::: MATERIAL PROVIDED :::

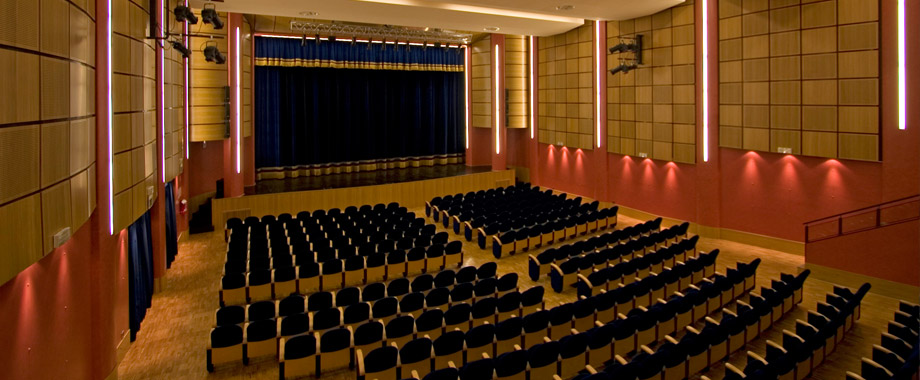 Riprogrammare il teatro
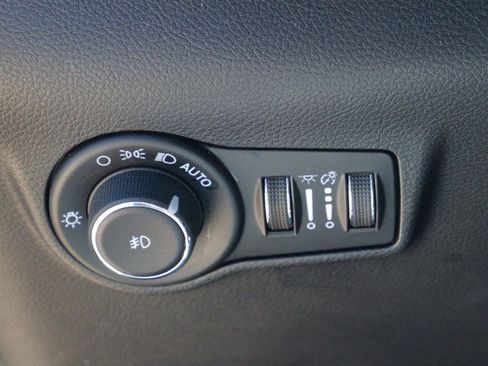 Used 2025 Jeep Compass Limited AWD/4WD image 16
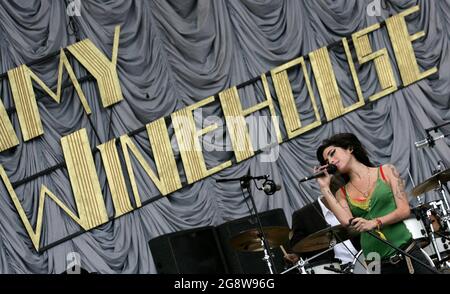 File photo datato 22/06/07 di Amy Winehouse che si esibisce sul palcoscenico di Pyramid al Festival di Glastonbury 2007 presso la Worthy Farm di Pilton, Somerset. I fan segneranno 1 anno dalla sua morte di venerdì. Data di emissione: Venerdì 23 luglio 2021. Foto Stock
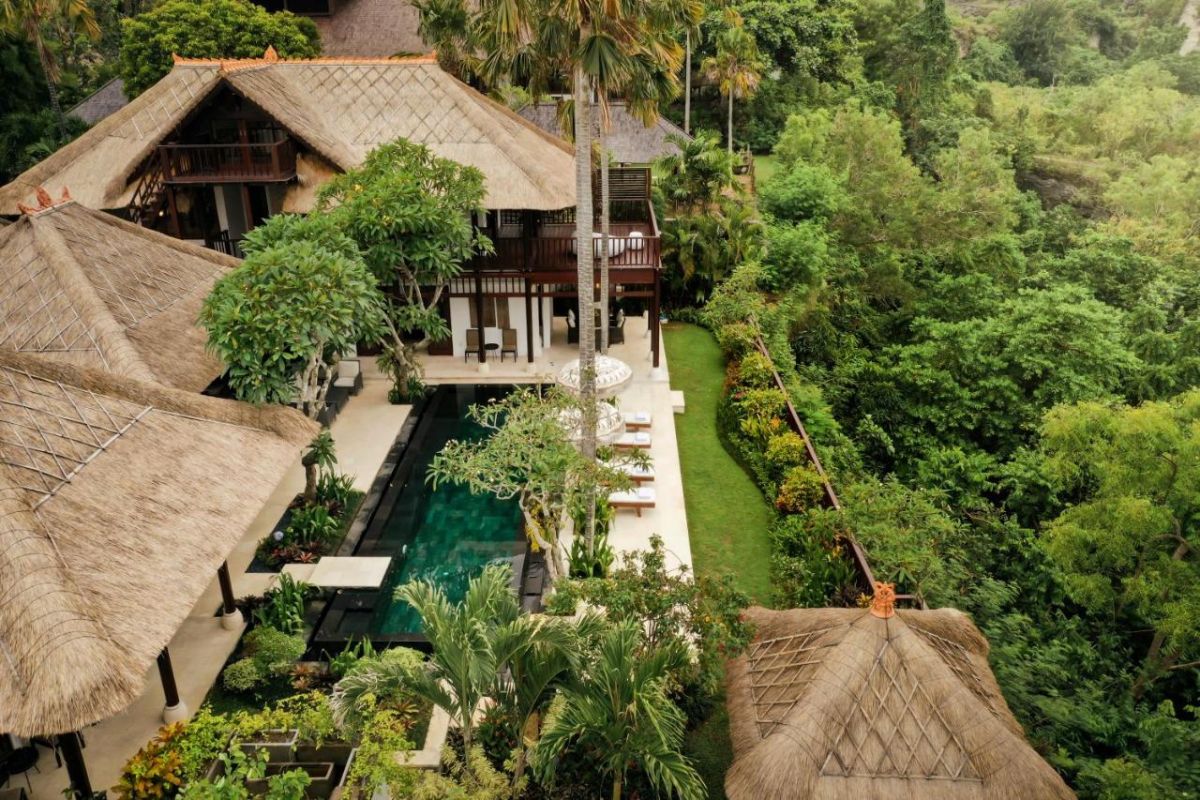 4 Bedrooms Villa KEN - Bali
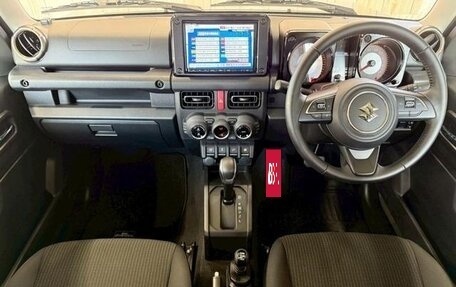 Suzuki Jimny, 2021 год, 1 850 000 рублей, 7 фотография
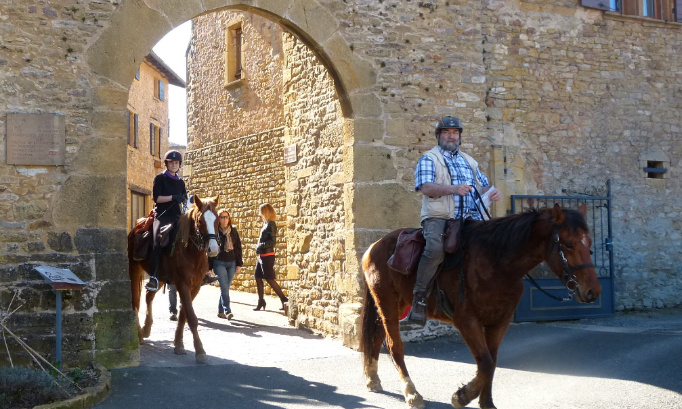 Contre l'interdiction de la circulation des chevaux sur les chemins de halage des bords de stone !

:::

» **WHAT THE TASK ASKS**:
In the data above, the line containing "4 Bedrooms Villa KEN - Bali" and all lines after it are to be reproduced exactly, leaving out the pictures.

» **EXERCISE ANSWER**:
 4 Bedrooms Villa KEN - Bali
 Suzuki Jimny, 2021 год, 1 850 000 рублей, 7 фотография
 Contre l'interdiction de la circulation des chevaux sur les chemins de halage des bords de stone !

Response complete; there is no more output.